Mon agent me bookte des dates très en dessous de ce que je pense mériter — puis-je refuser des dates ?
Oui — vous n'êtes pas obligé d'accepter toutes les propositions de votre agent. L'agent vous soumet les offres, mais la décision finale de jouer ou non appartient à l'artiste.
La nuance : si votre contrat prévoit un nombre minimum de dates que l'agent doit vous générer, et que vous refusez systématiquement ses propositions, il peut argumenter que vous avez rendu son obligation impossible. Soyez sélectif mais documentez vos refus et leurs raisons.
Si le désaccord est structurel (vous visez des salles de 500 places, l'agent ne vous propose que des bars de 50), c'est une discussion à avoir ouvertement sur la stratégie — et si elle n'aboutit pas, une résiliation négociée vaut mieux qu'une relation qui ne fonctionne pas.
Mon agent prend 20% sur mes cachets — est-ce légal ?
Non, 20% dépasse le plafond légal.

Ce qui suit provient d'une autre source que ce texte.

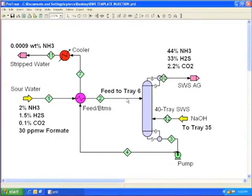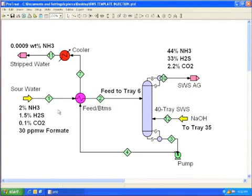This is a 40 tray sour water stripper. The sour water feed contains 2% ammonia and 30 parts per million of the heat stable salt formate. We are using caustic injection to help strip ammonia.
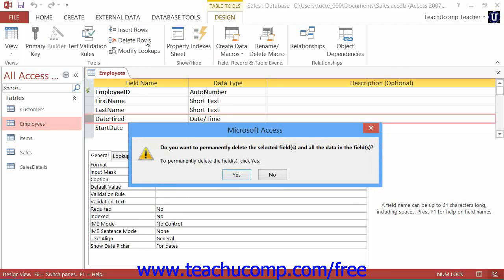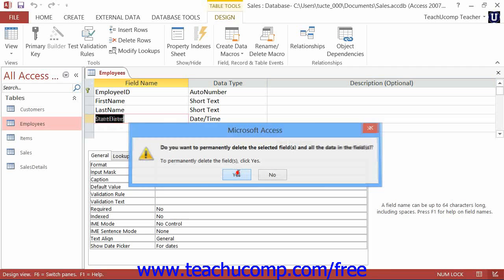Access will display a warning prompt asking you if you really want to delete the field and all of the data within the field. To finish deleting the field and its data, click the Yes button. You can click the No button to cancel deleting the field if needed.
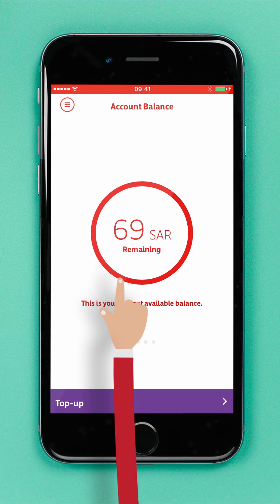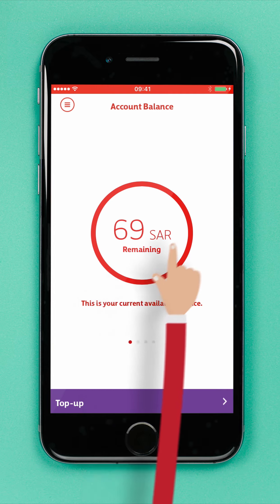If you've got a prepaid plan, the first thing you'll see when you open the app is your account balance. The cost of your bundle will be deducted from your balance, so be sure you've got enough credit in your account to activate the Internet bundle you'd like. And if you've got a postpaid plan, you'll also need to be sure you've got enough credit in your account to cover the cost of the Internet bundle you choose.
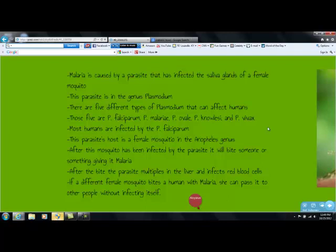Most humans are infected by P. falciparum. This parasite's host is a female mosquito in the Anopheles genus. After this mosquito has been infected by the parasite, it will bite someone or something, giving it malaria.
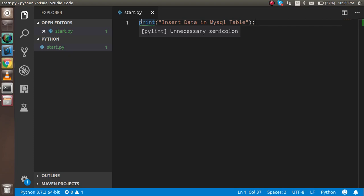Hello guys, welcome back. In this Python video tutorial, we are going to learn how we can insert data into a MySQL table. If you don't know how to start the Python connection with MySQL, you can watch our previous video. The link is given in the description box.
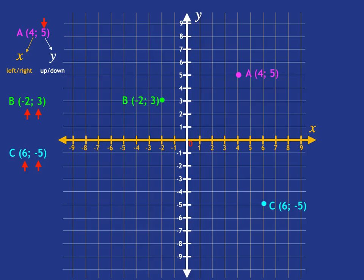How about trying this one? See if you can identify where point D at (-8, -2) would be. As always, we start at the origin. The X coordinate is negative eight, so we go left eight steps. Then we look at Y, which is negative two, so we go two steps down. And that's where point D is.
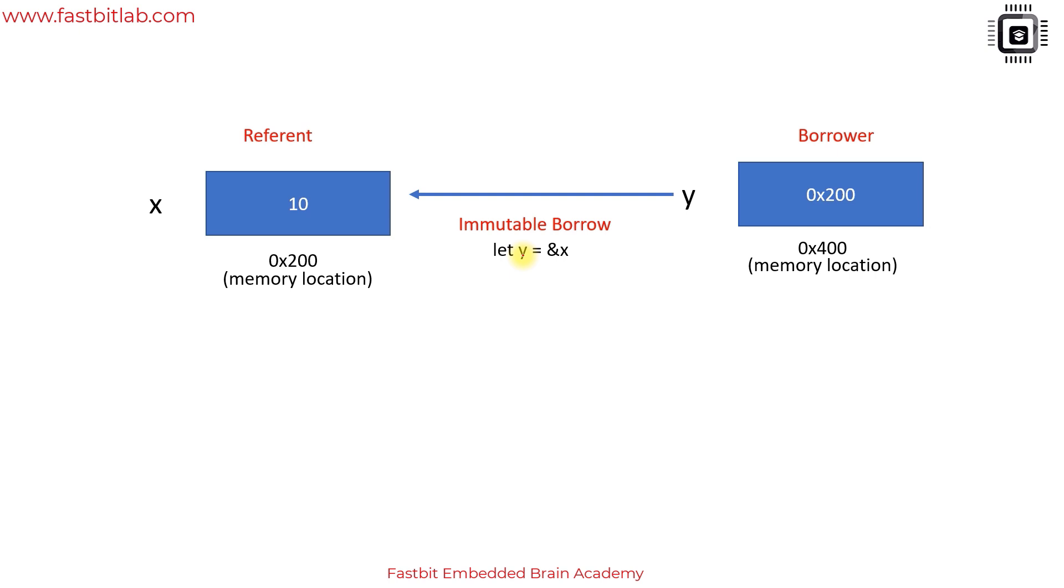C does have the const keyword which can be used to indicate that a variable or pointer should not be modified, but it is not as robust as Rust's borrow checker. In Rust, the compiler will catch all these errors at compile time, which makes it easier to find and fix errors unlike seeing surprises at runtime. In C everything should be managed by the developer and most things are not enforced by the language.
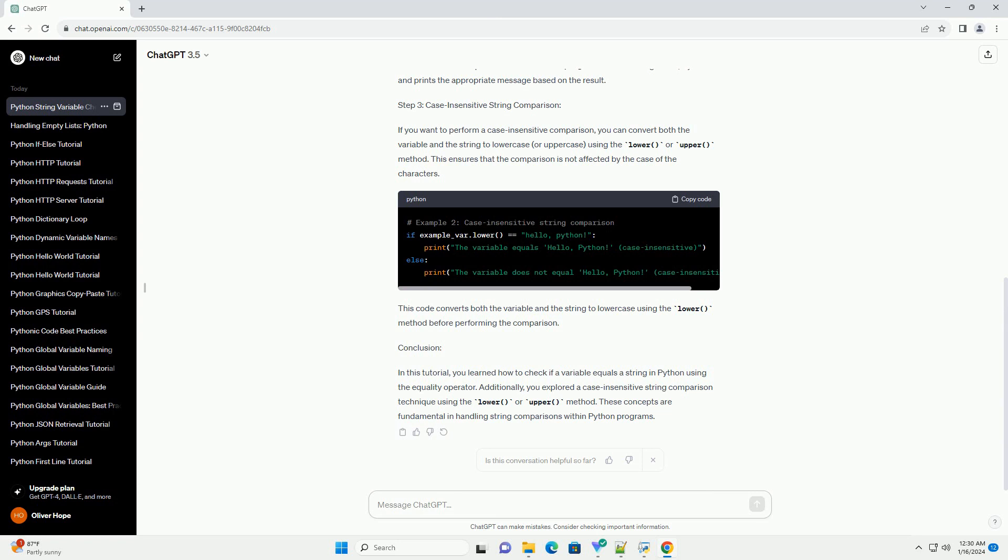This code converts both the variable and the string to lowercase using the lower method before performing the comparison.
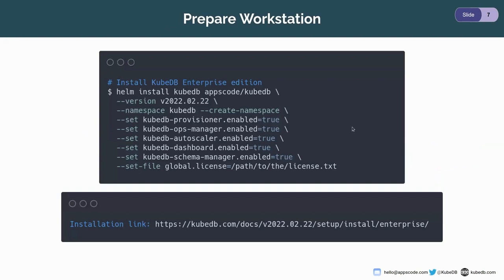If you want to install KubeDB, you can visit kubedb.com and very easily install KubeDB using Helm.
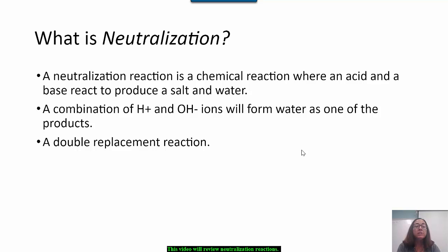Sometimes people believe that salt is the specific name for sodium chloride or table salt. This is not the case — salt is a generic term that refers to the ionic compound formed from this reaction. Acids contain the hydronium ion and bases contain the hydroxide ion. They react in a double replacement reaction that you learned earlier in this course.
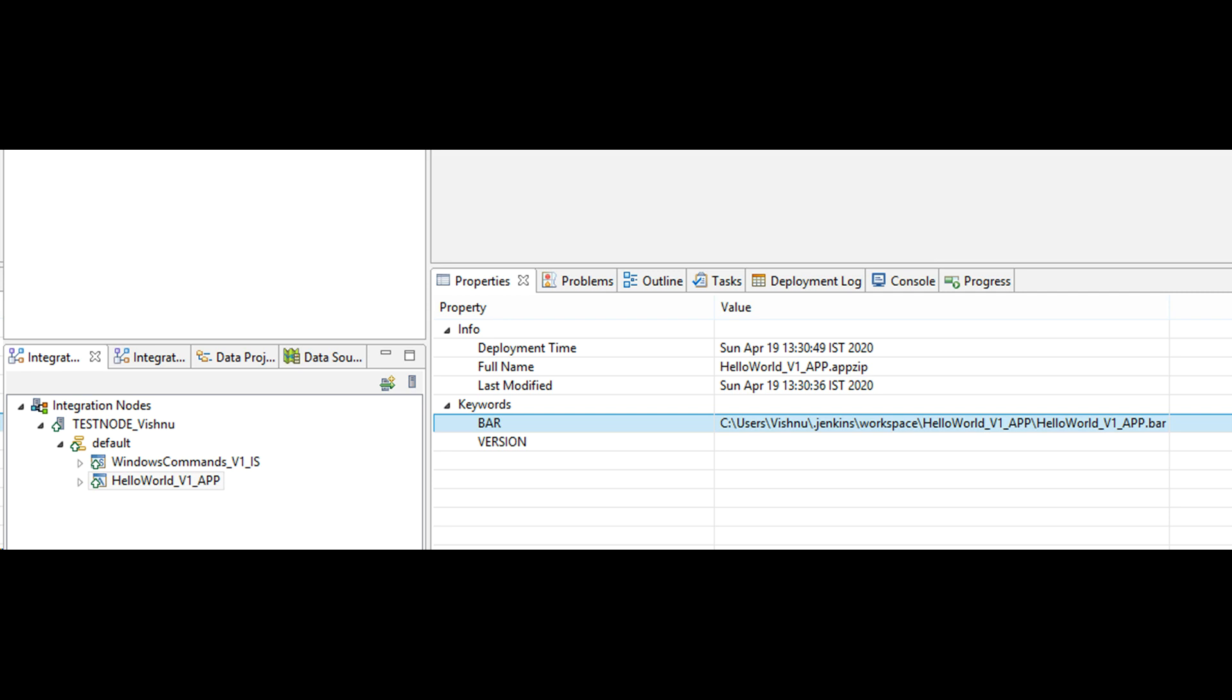Let's verify that Jenkins deployed to default integration server. Use toolkit or web GUI and look at the deployment time and bar file path as shown on screen.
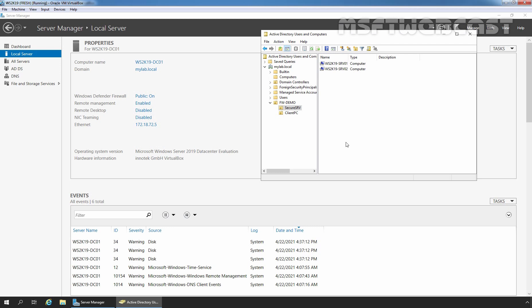Hello everyone, welcome to MSFT Webcast. In this video, we are going to see the steps on how to create a server-to-server connection security rule in Windows Server 2019 firewall using group policy.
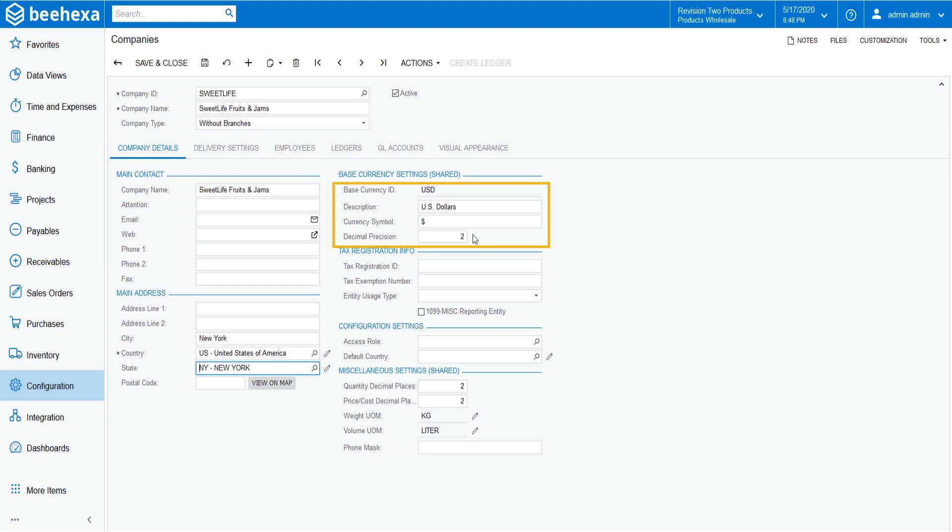The system fills in the description, currency symbol, and decimal precision boxes automatically based on the currency you have selected.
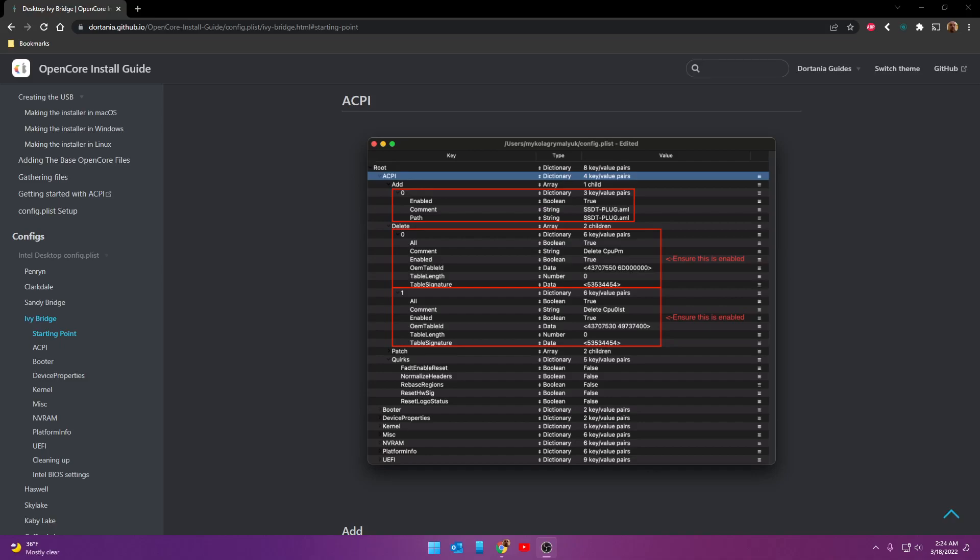The next thing I want to talk about with you guys and kind of go over briefly, hopefully, is how to edit your configuration file that we're getting our instructions from over here on the install guide. So let's go ahead and do this.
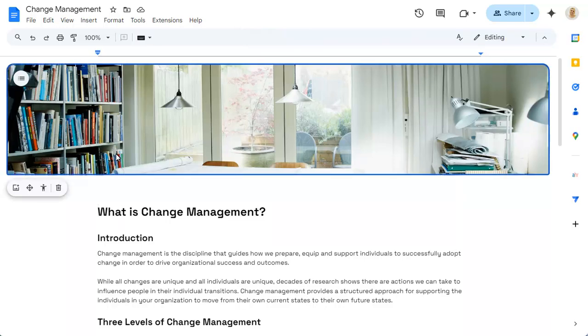Click on the first button on the toolbar to replace the image and this time choose to upload an image from your computer.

La commission d'un agent artistique est encadrée par le Décret n° 2011-1018 du 25 août 2011 et les articles L7121-12 et D7121-7 du Code du travail :
- Plafond standard : 10% du montant brut des rémunérations.
- Plafond étendu : 15% maximum, uniquement si des missions complémentaires d'organisation et de développement de carrière sont expressément confiées à l'agent — usage reconnu notamment dans les musiques actuelles.
Au-delà de 15%, la clause est illégale. Si votre contrat prévoit 20%, vous pouvez contester ce taux — et l'excédent perçu peut être réclamé. Signalez la situation à votre syndicat (SNAc, SMA) ou à un avocat spécialisé.
La question complémentaire reste la base de calcul : 10% sur le cachet brut versus 10% sur le cachet artistique net sont des montants différents. Exigez que le contrat précise la base.
⚠️ Mon agent a signé un contrat de concert en mon nom à des conditions que j'avais refusées — que faire ?
C'est une faute de l'agent — il a agi au-delà de son mandat.
Vos options :
- Ratification : si les conditions ne sont pas désastreuses, vous pouvez choisir d'honorer le contrat tout en signalant formellement à l'agent que ce comportement est inacceptable et documentant cet incident par écrit.
- Nullité pour dépassement de mandat : un agent qui dépasse les limites de son mandat engage sa propre responsabilité vis-à-vis du tiers (l'organisateur). Vous pouvez contester votre engagement — mais cela nécessite de prouver que l'agent a agi hors mandat.
- Résiliation pour faute : si ce n'est pas un incident isolé, c'est une inexécution contractuelle qui peut justifier une résiliation pour faute après mise en demeure.
Documentez tout immédiatement (emails, messages, relevés des instructions données). Ce dossier sera nécessaire quelle que soit la suite.
⚠️ Je veux quitter mon agent mais il menace de réclamer des commissions sur toutes mes futures dates pendant 3 ans — est-ce légal ?
Ça dépend entièrement de ce que vous avez signé. Certains contrats incluent des clauses post-contractuelles qui prévoient que l'agent perçoit une commission sur les dates jouées pendant une période après la fin du contrat — souvent présentées comme une protection pour les investissements que l'agent a réalisés dans votre carrière.
Trois ans est excessif par rapport aux standards du secteur et potentiellement contestable selon les circonstances. Les clauses post-contractuelles doivent être proportionnées à l'investissement réel de l'agent.
À vérifier :
- La clause couvre-t-elle toutes les dates, ou seulement celles que l'agent a initialement négociées ?
- Le contrat a-t-il été exécuté correctement par l'agent pendant sa durée ?
- Les circonstances de la résiliation (qui résilie, pour quelle raison) impactent souvent l'application de ces clauses.
Pour une situation avec des enjeux significatifs, un avocat spécialisé en contrats artistiques peut évaluer si la clause est valide et dans quelle mesure. Ne cédez pas à des menaces sans évaluation juridique préalable.